Latest revision as of 12:03, 2 May 2024

Topics

Using knowledge graph embeddings with TorchKGE.

Useful readings

Tasks

Task: knowledge graph:

  • Use a dataset loader to load a KG you want to work with. Freebase FB15k237 is a good choice. (You will need a pre-trained model for your KG later, to choose one of FB15k, FB15k237, WDV5, WN18RR, or Yago3-10. This lab has mostly been tested on FB15k.)
  • Use the methods provided by the KnowledgeGraph class to inspect the KG.
    • Print out the numbers of entities, relations, and facts in the training, validation, and testing sets.
    • Print the identifiers for the first 10 entities and relations (tip: ent2ix and rel2ix).

Task: external identifiers:

  • Download a dataset that provides more understandable labels for the entities (and perhaps relations) in your KnowledgeGraph
    • If you use FB15k, the relation names are not so bad, but the entity identifiers do not give much meaning. Same with WordNet. This repository contains mappings for the Freebase and WordNet datasets.
    • If you use a Wikidata graph, the entities and relations are all P- and Q-codes. To get labels, you can try a combination of SPARQL queries and this API.
  • Create mappings from external labels to entity ids (and perhaps relation ids) in the KnowledgeGraph. Also create the inverse mappings.

Task: test entities and relations:

  • Get the KG indexes for a few entities and relations. If you use the Freebase or Wikidata graphs, you can try 'J. K. Rowling' and 'WALL·E' as entities (note that the dot in 'WALL·E' is not a hyphen or usual period.) For relations you can try 'influenced by' and 'genre'. (tip: to check names of entites and relations, open the train.txt file you cloned)

Task: model:

  • Load a pre-trained TransE model that matches your KnowledgeGraph.
    • Print out the numbers of entities, relations, and the dimensions of the entity and relation vectors. Do they match your KnowledgeGraph.
  • Get the vectors for your test entities and relations (for example, 'J. K. Rowling' and 'influenced by').
  • Find vectors for a few more entities (both unrelated and related ones, e.g., 'J. R. R. Tolkien', 'C. S. Lewis', ...). Use the model.dissimilarity()-method to estimate how semantically close your entities are. Do the distances make sense?

Task: K-nearest neighbours:

  • Find the indexes of the 10 entity vectors that are nearest neighbours to your entity of choice.

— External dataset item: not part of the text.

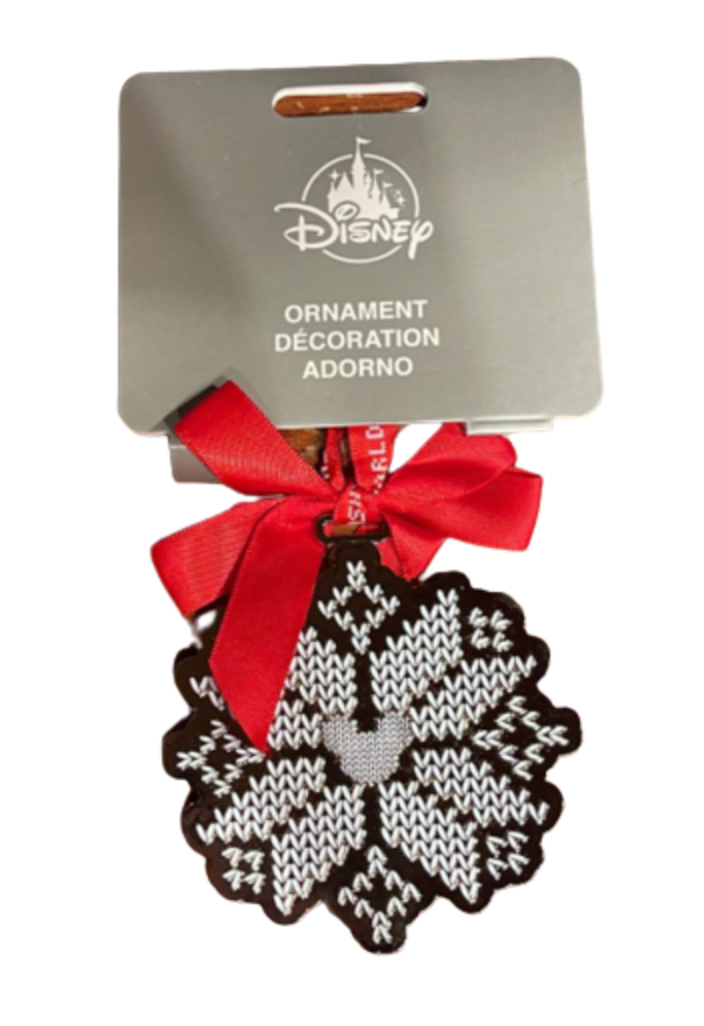 Disney Parks Epcot Norway Snowflake Metal Christmas Ornament New With Tag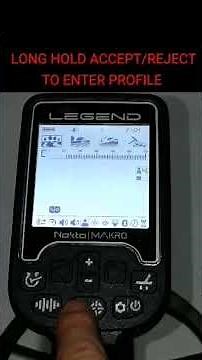 Nokta makro smf the legend How to User Profile settings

You can use sciKit-learn's sklearn.neighbors.NearestNeighbors.kneighbors()-method for this.
  • Map the indexes of the 10-nearest neighbouring entities back into human-understandable labels. Does this make sense? Try the same thing with another entity (e.g., 'WALL·E').

Task: translation:

  • Add together the vectors for an entity and a relation that that gives meaning for the entity (e.g., 'J. K. Rowling' - 'influenced by', 'WALL·E' - 'genre'). Find the 10-nearest neighbouring entities for the vector sum. Does this make sense? Try more entities and relations. Try to find examples that work and that do not work well.

Code to get started

With graph embeddings, we ideally want to work with ipynb files. The code below is prepared in the following link: https://colab.research.google.com/drive/1gS2D1XYSviAmhkS8moJIpY0N8ltJFM3C

!pip install torchkge
!pip install sklearn
!git clone https://github.com/villmow/datasets_knowledge_embedding.git

from torchkge.utils.datasets import load_fb15k237

kg_train, kg_val, kg_test = load_fb15k237()

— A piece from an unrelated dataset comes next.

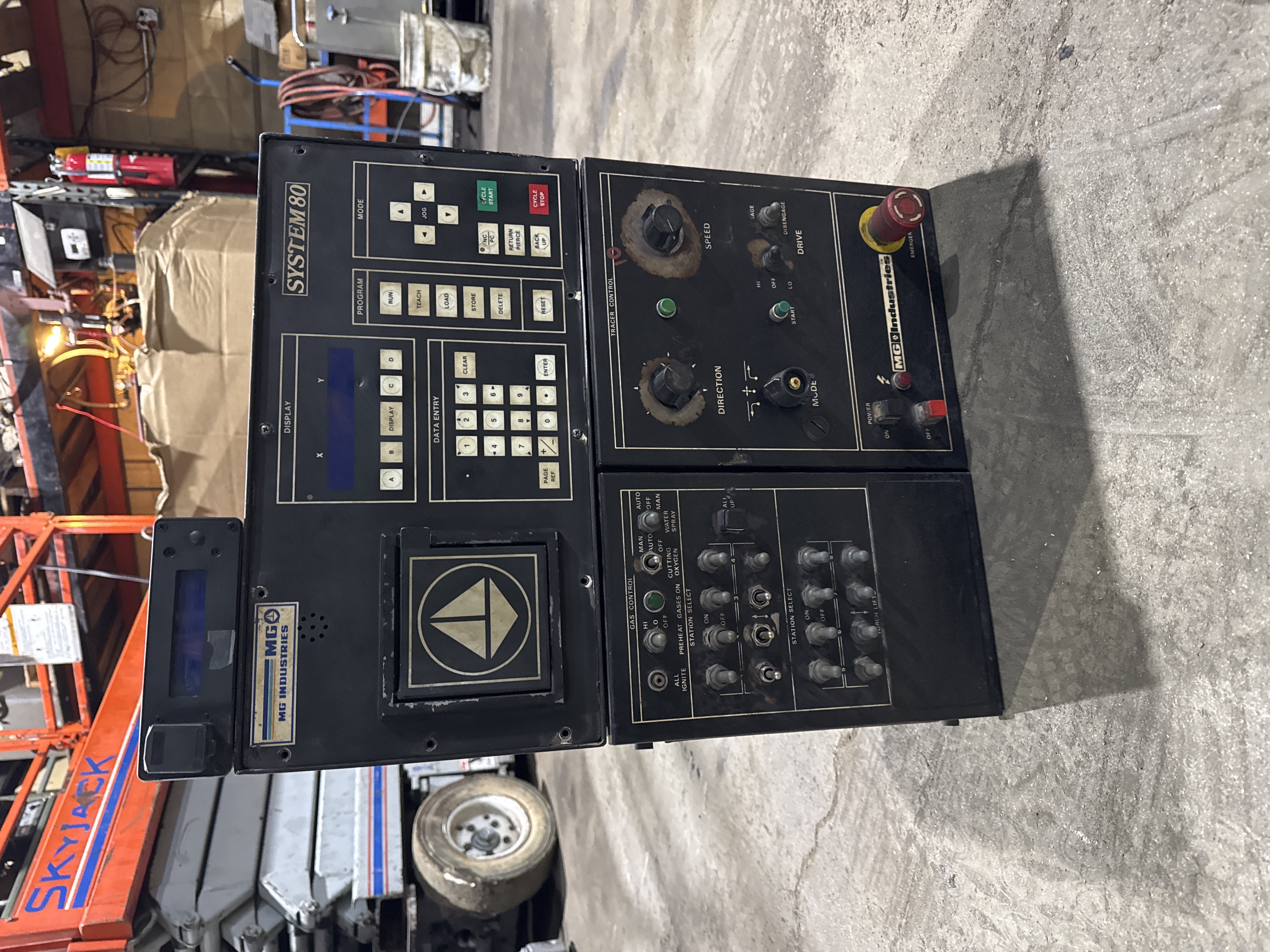 MG Industries System 80 Machine Control Console CMC MNBE-11317-4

print(list(kg_train.ent2ix.keys())[-10:])
print(list(kg_train.rel2ix.keys())[-10:])


"""Download files with human-readable labels for (most) Freebase entities used in the dataset. 
Labels seem to be missing for some entities used in FB15k-237."""

import json

TEXT_TRIPLES_DIR = 'datasets_knowledge_embedding/FB15k-237/'
with open(TEXT_TRIPLES_DIR+'entity2wikidata.json') as file:
    _entity2wikidata = json.load(file)

 ent2lbl = {
    ent: wd['label']
    for ent, wd in _entity2wikidata.items()
}
lbl2ent = {lbl: ent for ent, lbl in ent2lbl.items()}

print([
    ent2lbl[ent] 
    for ent in kg_train.ent2ix.keys()
    if ent in ent2lbl][-10:])

If You Have More Time

  • Try it out with different datasets, for example one you create youreself using SPARQL queries on an open KG.